Le università americane, inoltre, un tempo avevano un carattere regionale: in California gli studenti migliori tendevano ad andare a Stanford e Berkeley, mentre in Texas andavano all’Università del Texas. Oggi, invece, tutti “applicano” ovunque. E le università americane sono diventate globali: arrivano migliaia di domande da Cina, Corea, Singapore ed Europa. Il ché di per sé non è un male.
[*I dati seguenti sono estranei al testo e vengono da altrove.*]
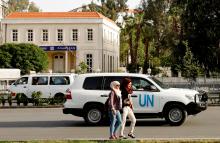 The United Nation vehicle carrying the Organisation for the Prohibition of Chemical Weapons (OPCW) inspectors is seen in Damascus, Syria, April 17, 2018. PHOTO BY REUTERS/Omar Sanadiki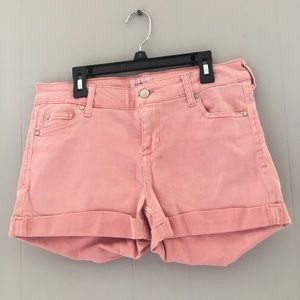 Salmon-Colored Denim Shorts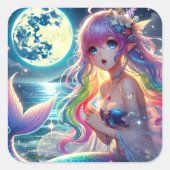 Sticker Carré Fille d'anime chantant clair de lune pixie mermaid (Devant)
Fino a settant’anni fa i ragazzi provenienti da certi licei privati o da certe famiglie venivano ammessi quasi automaticamente nelle migliori università. A partire dagli anni Sessanta e Settanta, però, quelle scuole hanno cercato di diventare più democratiche, e hanno badato di più ai voti e agli esami standardizzati. Ma quando la concorrenza si è inasprita sono nate intere industrie per aiutare le famiglie a venire a capo del sistema: in vista dei test d’ingresso, gli studenti seguono corsi di preparazione o vengono affiancati da tutor privati.
Alcune famiglie assumono persino degli allenatori per aiutare i propri figli a compilare le domande di ammissione. E in alcuni casi le domande vengono “dopate” citando attività extra-curriculari fasulle, sostenendo falsamente ad esempio che lo studente è un campione di scherma, di pallanuoto. Ci sono stati scandali, con tanto di processi penali, in cui si è scoperto che le famiglie pagavano tangenti per far entrare i loro figli in determinate università. Certi ragazzi vengono trattati come piccoli pre-professionisti fin dall’età di 10 anni: trascorrono i fine settimana preparandosi ai test per entrare in un liceo di alto livello. E gli studenti di liceo iniziano a lavorare al proprio curriculum vitae dall’età di 14 anni: scelgono i corsi scolastici non in base ai loro interessi ma in base a come questi influenzeranno la domanda d’ingresso al college.
Questa competizione ha fatto impazzire i giovani. Mio figlio sostiene che gli studenti di una delle migliori scuole superiori pubbliche di New York si sabotano a vicenda per ottenere un vantaggio sulla concorrenza: mi ha raccontato che alcuni suoi amici, pur di sfuggire a un insegnante che dà voti bassi, hanno chiesto di cambiare classe dicendosi sessualmente attratti dal docente. Il lato positivo di questa corsa agli armamenti accademici è che ci sono molte più università eccellenti rispetto a cinquant’anni fa. Ma per una generazione di studenti l’infanzia è stata notevolmente ridotta. Vissuta con molta più pressione e molta meno gioia.